In this HackerEarth Easy Queries problem solution, you are given an array of size N in which the value of the elements is either 0 or 1. All the elements of the array are numbered from position 0 to N - 1. You are given some queries which can be of the following 2 types.

0 index: In this type of query you have to find the nearest left and nearest right element from the position index in the array whose value is 1.
1 index: In this type of query you need to change the value at position index to 1 if its previous value is 0 or else leave it unchanged.

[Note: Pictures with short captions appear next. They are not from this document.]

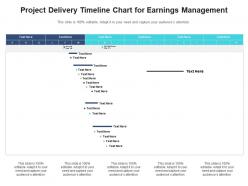 Project delivery timeline chart for earnings management infographic template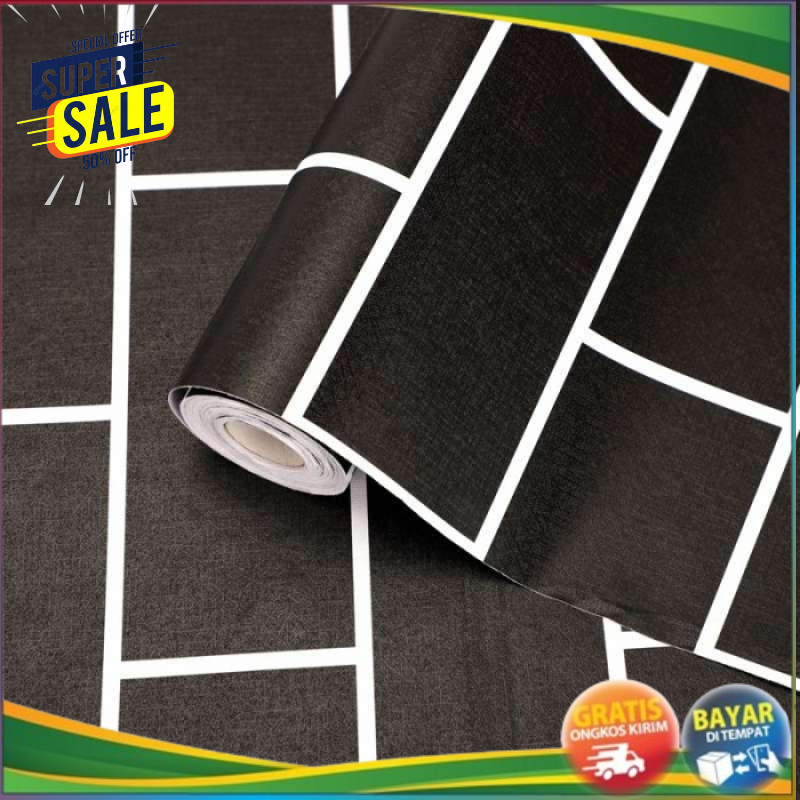 Wallpaper Dinding BATU BATA HITAM WALLPAPER Sticker Tembok Dapur Ruang Tamu Teras Kamar Rumah Cantik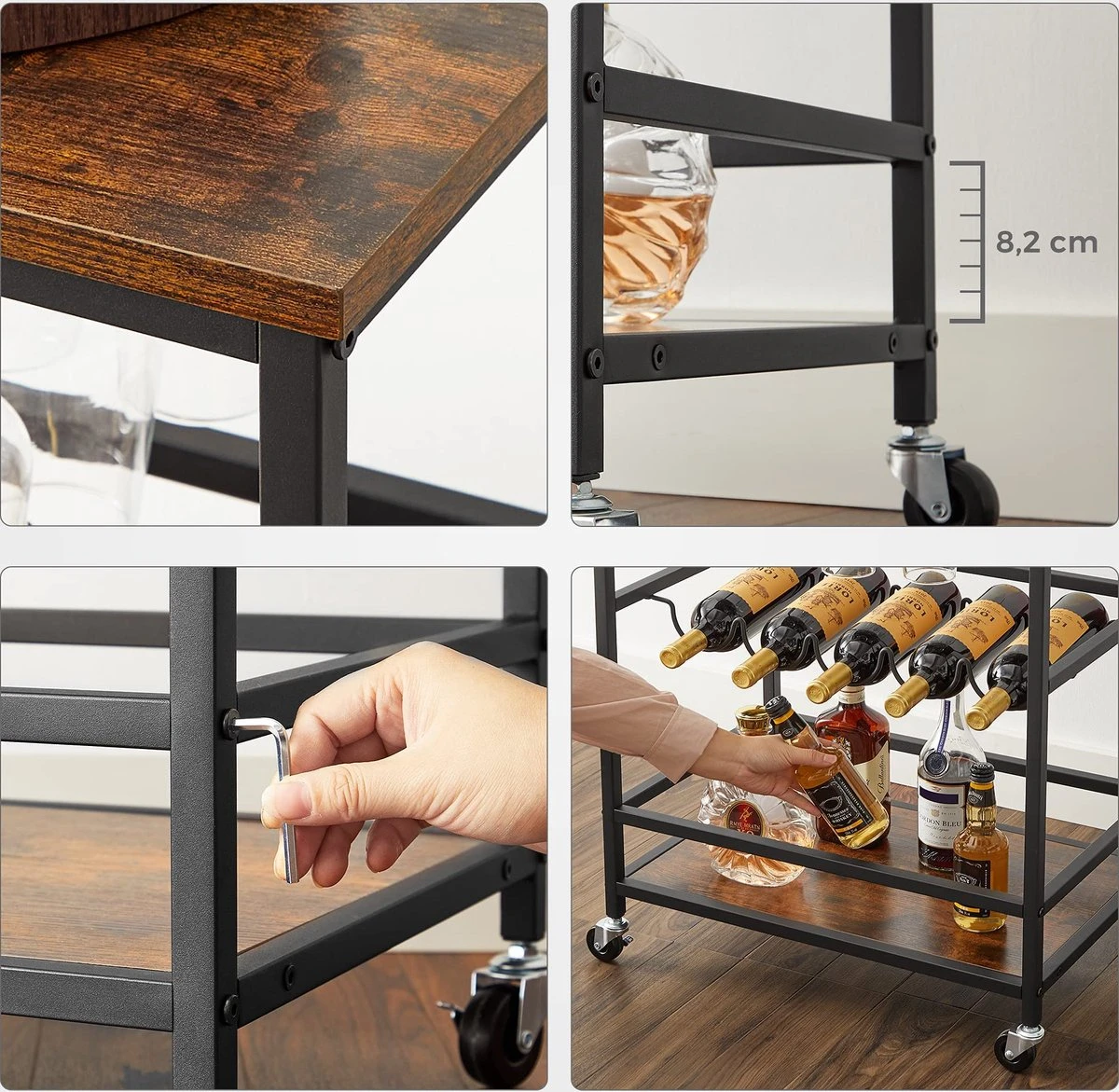 IN.HOMEXL Ashlo - Wijnkast Op Wielen - Wijnrek Metaal - Hout - Industrieel Kast - Voor 9 Flessen - 60 X 40 X 75 Cm - Hout - Bruin/ Zwart 7 IN.HOMEXL Ashlo - Wijnkast Op Wielen - Wijnrek Metaal - Hout - Industrieel Kast - Voor 9 Flessen - 60 X 40 X 75 Cm - Hout - Bruin/ Zwart - Afbeelding 5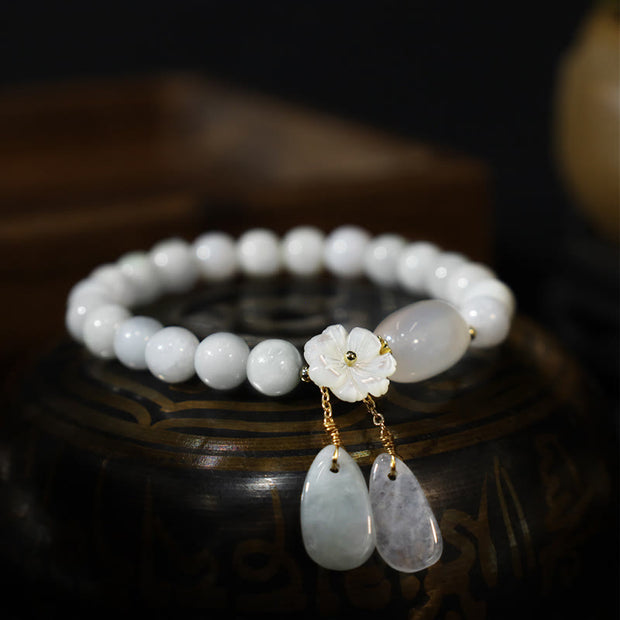 Buddha Stones Natural White Jade Luck Bracelet
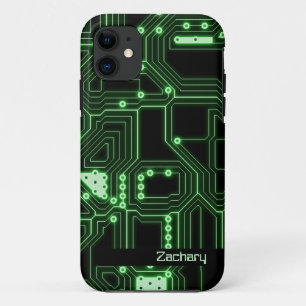 Funda Para iPhone 11 Tarjeta de circuito verde neón   Estuche telefónic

HackerEarth Easy Queries problem solution


HackerEarth Easy Queries problem solution.

#include <bits/stdc++.h>
using namespace std;
#define ll long long
ll rn,n;
ll arr[100001];
ll block[1000][2];
ll find_right(ll index)
{

ll block_id = index/rn;
ll flag = 0;
if(block[block_id][1]>=1)
{
for(ll i=index;i<block_id*rn;i++)
{
if(arr[i]==1){
return i;
flag = 1;
break;}
}
}
if(flag==0)
{
block_id++;
while(!block[block_id][1]&&block_id<=(rn+1))
block_id+=1;

if(block_id<=(rn+1))
{
ll index1 = block_id*rn;
for(ll i =index1;i<=n;i++)
{
if(arr[i]==1){
return i;
break;}
}
}
}
return -1;
}
ll find_left(ll index)
{
ll block_id = index/rn;
ll flag = 0;
if(block[block_id][1]>=1)
{
for(ll i=index;i>=(block_id-1)*rn;i--)
{
if(arr[i]==1){
flag = 1;
return i;
break;}
}
}
if(flag==0)
{
block_id--;
while(!block[block_id][1]&&block_id>=0)
block_id-=1;
if(block_id>=0)
{
ll index1 = block_id*rn;
for(ll i=index1;i<=n;i++)
{
if(arr[i]==1){
return i;
break;}
}
}
}
return -1;
}
void update(ll index)
{
if(arr[index]==0)
{
arr[index] = 1;
block[index/rn][1]++;
block[index/rn][0]--;
}
}
int main()
{
ios_base::sync_with_stdio(false);
cin.tie(NULL);
cout.tie(NULL);
ll m,block_id,type,value,ans1,ans2,i,q;
cin>>n>>q;
rn = sqrt(n);
for(i=0;i<=rn;i++)
block[i][0] = block[i][1] = 0;
for(i=0;i<n;i++)
cin>>arr[i];
block_id=-1;
for(i=0;i<n;i++)
{
if(i%rn==0)
block_id++;
if(arr[i]==0)
block[block_id][0]++;
else
block[block_id][1]++;
}
while(q--)
{
cin>>type>>value;
if(type==0)
{
ans1 = find_left(value);
ans2 = find_right(value);
cout<<ans1<<" "<<ans2<<endl;
}
else
{
update(value);
}
}
return 0;
}

Second solution

#include<bits/stdc++.h>
#define LL long long int
#define M 1000000007
#define endl "\n"
#define eps 0.00000001
LL pow(LL a,LL b,LL m){LL x=1,y=a;while(b > 0){if(b%2 == 1){x=(x*y);if(x>m) x%=m;}y = (y*y);if(y>m) y%=m;b /= 2;}return x%m;}
LL gcd(LL a,LL b){if(b==0) return a; else return gcd(b,a%b);}
LL gen(LL start,LL end){LL diff = end-start;LL temp = rand()%start;return temp+diff;}
using namespace std;
int main()
{
ios_base::sync_with_stdio(0);
set<int> s;
int n , q;
cin >> n >> q;
assert(n >= 1 && n <= 100000);
assert(q >= 1 && q <= 100000);
for(int i = 0; i < n; i++)
{
int val;
cin >> val;
assert(val >= 0 && val <= 1);
if(val == 1)
s.insert(i);
}
while(q--)
{
int type , idx;
cin >> type >> idx;
assert(type >= 0 && type <= 1);
assert(idx >= 0 && idx < n);
if(type == 1)
{
s.insert(idx);
}
else
{
int ans_l = -1;
int ans_r = -1;
set<int>::iterator it_l = s.lower_bound(idx);
set<int>::iterator it_r = s.upper_bound(idx);
if(it_l != s.begin() && s.size())
{
--it_l;
ans_l = *(it_l);
}
if(it_r != s.end() && s.size())
{
ans_r = *(it_r);
}
cout << ans_l << " " << ans_r << endl;
}
}
}